Cette clause sans équivoque visait non seulement à empêcher toute tentative ultérieure de révision ou de négociation, comme en 1918, mais aussi à permettre une prise de contrôle complète du territoire allemand et de ses institutions. Les Alliés entendaient juger les responsables, dénazifier la société, et poser les bases d’une nouvelle société.

Les effets immédiats de la capitulation

À peine deux semaines après la signature de Berlin, les Alliés dissoudront, le 23 mai 1945, le gouvernement de Flensbourg formé autour du grand-amiral Karl Dönitz après la mort de Hitler. L’Allemagne cesse alors d’exister comme État souverain. Divisée en quatre zones d’occupation (américaine, britannique, soviétique, française), elle se retrouve administrée directement par les forces alliées.

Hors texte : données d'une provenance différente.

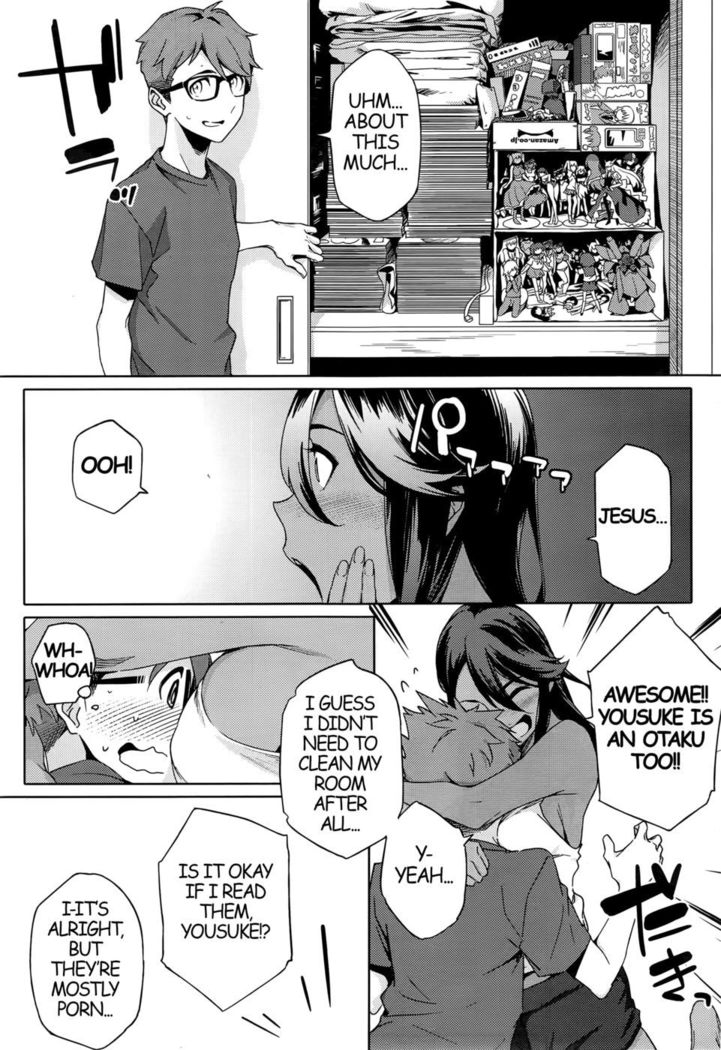 You wa Nanishi ni Nihone ? Chapter 1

Sur le terrain, des millions de soldats allemands encore actifs sont désarmés, internés ou livrés aux autorités. La Justice commence également à se préparer : dès l’été, les grandes puissances planifient les procès de Nuremberg, qui s’ouvriront en novembre 1945. Pour les civils allemands, c’est l’abîme : famines, déplacements de population, destruction des infrastructures et chaos social deviennent le lot quotidien des Allemands. L’ordre nazi, omniprésent depuis 1933, s’est évaporé et avait même préparé ce néant, Hitler ayant lui-même jugé que le peuple allemand était indigne de survivre s’il n’arrivait pas à vaincre.

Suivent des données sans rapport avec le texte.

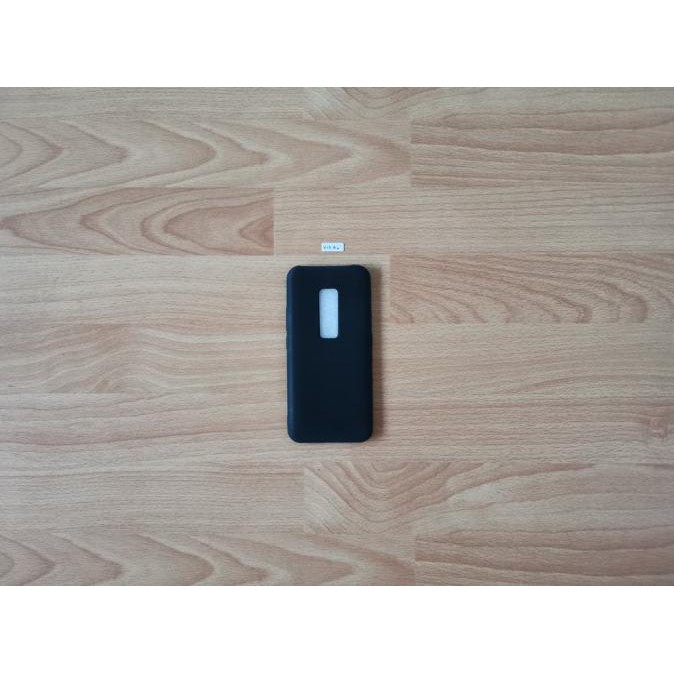 Soft Case Slim Black Matte Vivo V17 Pro Grb-1491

La dénazification s’impose aussi, rapidement, comme une urgence. En effet, il faut extirper l’idéologie hitlérienne de l’enseignement, des médias, de l’administration, de la magistrature mais aussi, et surtout, des esprits afin de rebâtir une nouvelle société allemande.

L’héritage du 8 mai

En Allemagne, le 8 mai fut longtemps une date empreinte d’un profond malaise : symbole d’une défaite, d’une occupation et d’une honte nationale. Il fallut attendre le discours historique de Richard von Weizsäcker, en 1985, pour qu’un président allemand qualifie clairement le 8 mai de « jour de libération », une reconnaissance tardive mais essentielle.

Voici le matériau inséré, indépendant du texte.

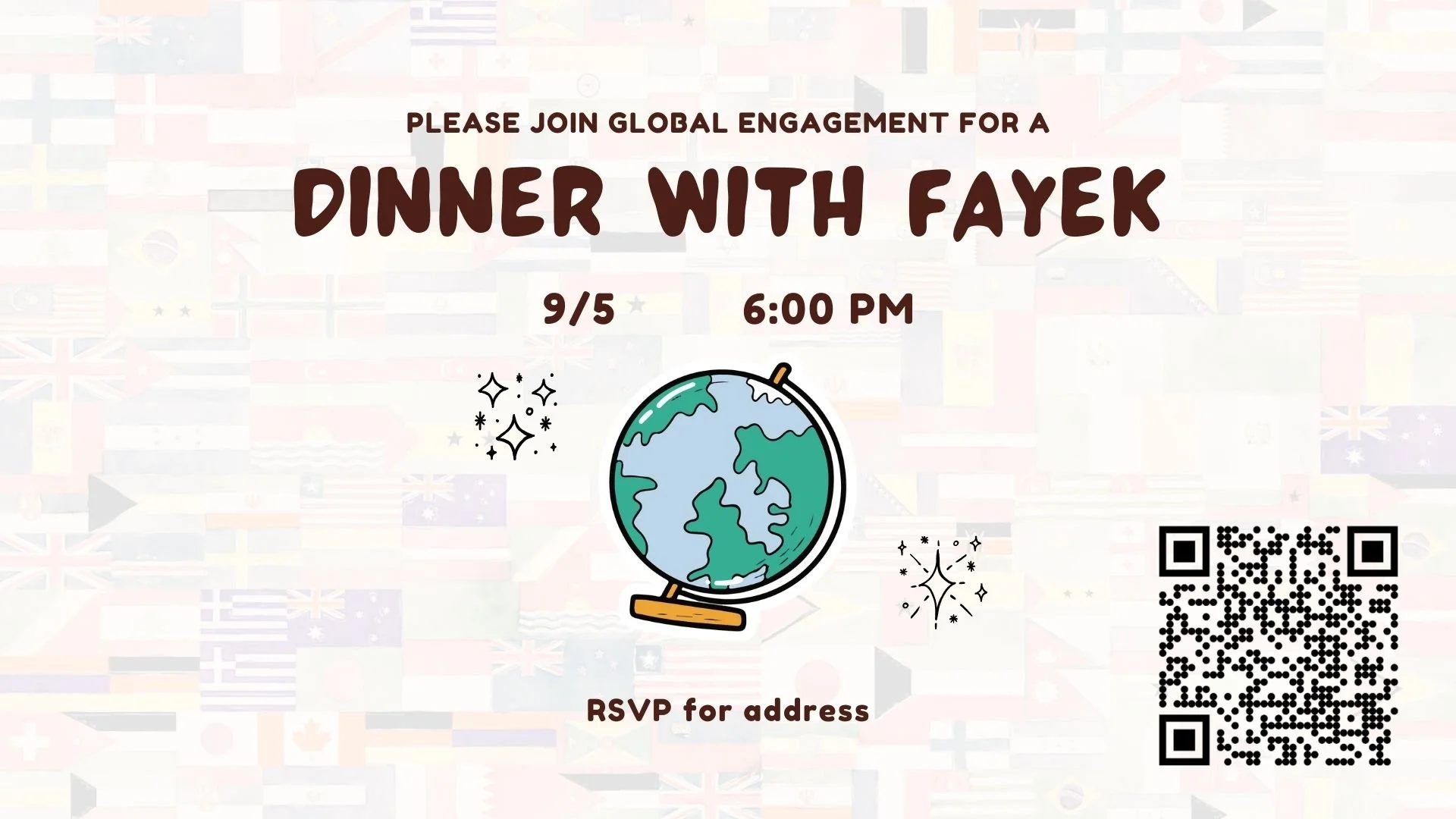 Dinner with Fayek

À l’échelle internationale, le 8 mai marque l’amorce d’un monde nouveau. L’Europe est partagée en deux et l’Allemagne elle-même est bientôt divisée entre la RFA et la RDA. L’URSS et les États-Unis, unis contre Hitler, deviennent également adversaires dans une guerre froide

 

qui durera près d’un demi-siècle.

 

Aujourd’hui encore, la commémoration du 8 mai révèle le deuil et les fractures de la mémoire européenne. Si elle célèbre la fin d’un régime criminel, elle rappelle aussi l’ampleur du traumatisme allemand et le caractère funeste d'une paix imposée. L’acte de capitulation de Berlin, dans sa rigueur formelle, fut autant une fin qu’un point de départ : celui d’un nouvel ordre géopolitique ainsi que d’un long travail de justice, de mémoire et de réconciliation.